* 2-3/4 to 3 pounds Buffalo meat, cut into 1-inch cubes
* 1/3 cup thinly sliced shallots
* 1 clove garlic, minced or pressed
* 8 ounces small mushrooms, cut into quarters
* 2 cups fresh or frozen (unthawed) cranberries
* 1 bay leaf
* 1/3 cup all-purpose flour
* 1 tablespoon pepper
* 1 teaspoon firmly packed brown sugar
* 1/2 teaspoon dried thyme
* 3/4 cup dry red wine
* 1/3 cup beef broth
* 1/4 cup Madeira or cream sherry
* 2 tablespoons tomato paste
* 2 tablespoons cornstarch blended with 2 tablespoons cold water
* salt chopped parsley
Recipe
1. In a 3-quart or larger electric slow cooker, combine shallots, garlic, mushrooms, cranberries, and bay leaf. Coat buffalo cubes with flour, then add to cooker and sprinkle with sugar, pepper, and thyme.

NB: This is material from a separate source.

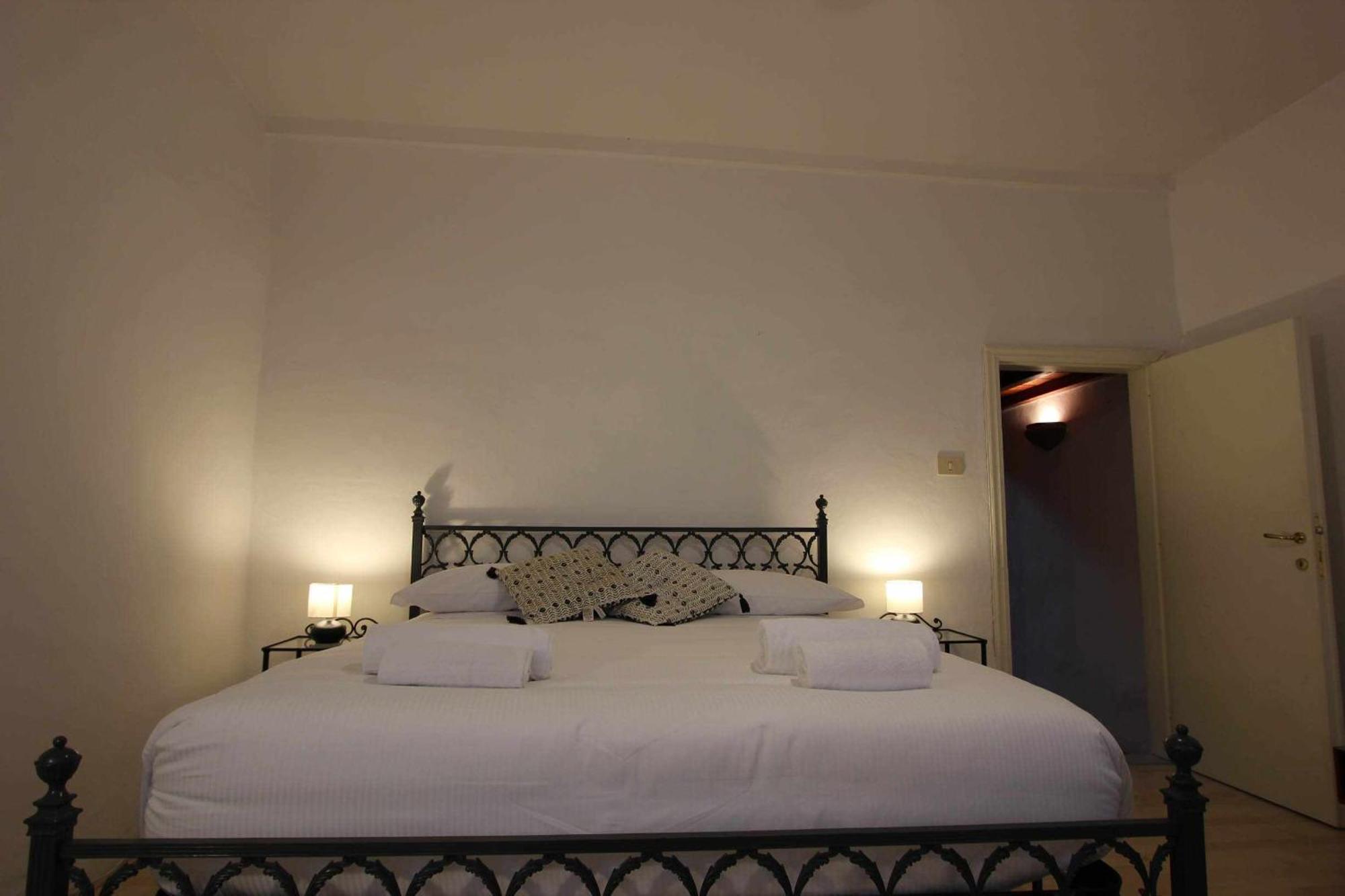 Oltrarno San Niccolo Loft Apartment Florence Exterior photo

2. In a small bowl, mix wine, broth, Madeira, and tomato paste; pour over buffalo mixture. Cover and cook at low setting until buffalo is very tender when pierced (8 to 9 hours)
3. Blend cornstarch mixture into stew. Increase cooker heat setting to high; cover and cook, stirring 2 to 3 times, until sauce is thickened (about 20 more minutes). Season to taste with salt; sprinkle with parsley.